Eskom faces eighth inquiry in 10 years
Parliament will next week launch an inquiry into the leadership and governance crisis at Eskom, when the public enterprises portfolio committee starts with preparations for the investigation and related matters before calling for submissions from the utility and the Public Enterprises Department.
This will be the eighth investigation into governance and operational problems at Eskom in the past 10 years.
Principal among them were the 2015 Dentons investigation into the utility’s operational meltdown and the 2012 Special Investigating Unit’s probe into serious maladministration and improper and unlawful conduct by senior officials and board members.
All seven probes were abandoned at critical stages, or the reports were never made public, with no discernible action taken against those implicated.
While the Eskom board had not received a formal notification of the latest inquiry, it would welcome any investigation into its affairs, spokesman Khulani Qoma said.
The parliamentary inquiry should also focus on Molefe’s reappointment and allegations that the minister had misled Parliament, the DA’s Natasha Mazzone said.
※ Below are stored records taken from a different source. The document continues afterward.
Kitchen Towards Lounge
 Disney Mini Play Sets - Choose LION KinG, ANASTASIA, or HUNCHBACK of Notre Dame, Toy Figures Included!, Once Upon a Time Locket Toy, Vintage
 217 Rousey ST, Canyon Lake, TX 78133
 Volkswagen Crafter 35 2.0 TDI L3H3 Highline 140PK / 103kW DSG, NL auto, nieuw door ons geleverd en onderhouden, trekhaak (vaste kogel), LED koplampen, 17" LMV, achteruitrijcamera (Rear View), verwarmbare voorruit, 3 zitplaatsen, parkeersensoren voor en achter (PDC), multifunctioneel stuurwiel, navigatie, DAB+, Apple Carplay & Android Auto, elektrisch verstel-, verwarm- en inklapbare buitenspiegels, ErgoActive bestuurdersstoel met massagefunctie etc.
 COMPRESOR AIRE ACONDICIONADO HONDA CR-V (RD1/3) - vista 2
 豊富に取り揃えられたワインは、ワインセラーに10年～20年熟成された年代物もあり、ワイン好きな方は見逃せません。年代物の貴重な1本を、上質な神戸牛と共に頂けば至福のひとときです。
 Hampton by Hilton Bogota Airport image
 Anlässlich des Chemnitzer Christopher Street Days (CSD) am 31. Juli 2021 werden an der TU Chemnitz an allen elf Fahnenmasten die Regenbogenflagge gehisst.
“For far too long, good governance practices at Eskom have crumbled under the watch of [Public Enterprises] Minister [Lynne] Brown, its executives and board members, while the Gupta-ANC mafia has pillaged public money at the utility and other public enterprises alike.”
In March 2015, Eskom was plunged into a crisis when the board suspended its four senior executives in order to conduct an investigation into the operational crisis that afflicted the
utility starting in 2007, when the first bout of load shedding hit.
The crisis escalated into daily power rationing, resulting in a financial meltdown that resulted in the power utility running out of cash to pay salaries, forcing the government to intervene with an R83bn bailout in September 2015.
But this escalated in 2016, when new CE Brian Molefe was implicated in alleged wrongdoing in the public protector’s report on state capture.
The public protector flagged as inappropriate Molefe’s 56 cellphone conversations with members of the Gupta family, as well as his alleged visits to the family’s residence during the time the controversial family’s companies were negotiating to buy an Eskom coal supplier.
In the wake of the State of Capture report, and in tears, Molefe resigned in December, vowing to clear his name. But in dramatic fashion, the board decided in May, under the leadership of Ben Ngubane, to return Molefe to his former job.
Despite public statements to the contrary — and Molefe having taken up a job as an MP — the board claimed Molefe had, in fact, never resigned. Brown instructed the board to rescind the appointment.
His temporary replacement, Matshela Koko, also fell foul of good governance principles in an alleged nepotism scandal in 2017. He took leave while his conduct is being probed.
The Eskom board has also been under scrutiny since March 2015, with the suspensions of the then newly appointed CE Tshediso Matona and three other executives.